There are alternatives in the field of civil judicial cooperation, such as the multilateral Hague Conventions, which provide a framework for cooperation between the EU and third countries.”
The logic of the European Commission’s reported approach may to some seem hard to follow but some UK lawyers argue that it may be a kind of blessing in disguise as it could boost the UK‘s standing as a location for international arbitration proceedings, as such proceedings fall outside the scope of the 2007 Convention.
We shall have to see what happens but many would hope that the EU and the UK can resolve their differences over this issue.
Brexit and the Future Fund
One of the UK Government business support schemes set up to address the consequences of Covid-19 was the Future Fund scheme, which closed to new applicants on 31st January 2021.
Under this scheme, the UK Government made available equity-convertible loans, ranging from £125,000 to £5 million, to innovative UK companies which were facing financial difficulties due to the coronavirus outbreak. A number of conditions had to be satisfied, including a condition that the investee company concerned had to have raised at least £250,000 in equity investment in the previous five years.
Unfortunately, it appears that a number of the UK Government investments under the Future Fund scheme have proved unsuccessful, with the investee companies concerned going into insolvency procedures. In other words, the UK taxpayer has essentially been left to pick up all or some of the bill for these failed UK Government investments.
The UK financial press has criticised the perceived lack of transparency in the investment process for these Future Fund convertible loans, with the names of the investee companies concerned not being made publicly available for business confidentiality reasons, as if these investments had been like typical private sector venture capital investment transactions where similar confidentiality practices might have prevailed.
The Times, in Articles on 12th and 14th April 2021, has explained that Future Fund convertible loans have been classified as commercial loans rather than “state aid” falling within EU State Aid rules which applied to the UK until the UK-EU post-Brexit transition period came to an end on 31st December 2020. This means that the Future Fund convertible loans did not have to be reported publicly or approved under the EU State Aid rules concerned.
If Brexit had not happened, one wonders whether there would have been more transparency in the public disclosure of information about the Future Fund investments concerned. Whilst some of those investments might have failed anyway despite the business case for those investments (given the risk-based nature of those investments), other such investments might not have been made in the first place or, if made, scrutinised more closely if they had been subject to more rigorous review under EU State Aid rules applying to them.

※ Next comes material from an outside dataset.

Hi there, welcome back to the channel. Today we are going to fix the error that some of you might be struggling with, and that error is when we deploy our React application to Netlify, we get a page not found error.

In The Times Article of 14th April 2021, Katherine Griffiths, The Times Banking Editor, concluded: “Created in a scramble to help save the economy, the [Future Fund’s] terms are now worth revising. Taxpayers have a right to know what they’ve paid for – good or bad.”
The EU has been criticised recently for its allegedly over-cautious approach in responding to Covid-19 (particularly in the context of Covid-19 vaccine production), but perhaps in some areas (such as transparency under the EU’s State Aid rules) there are lessons for the UK to learn in implementing its ESG (Environmental, Social and Governance) and other investment criteria.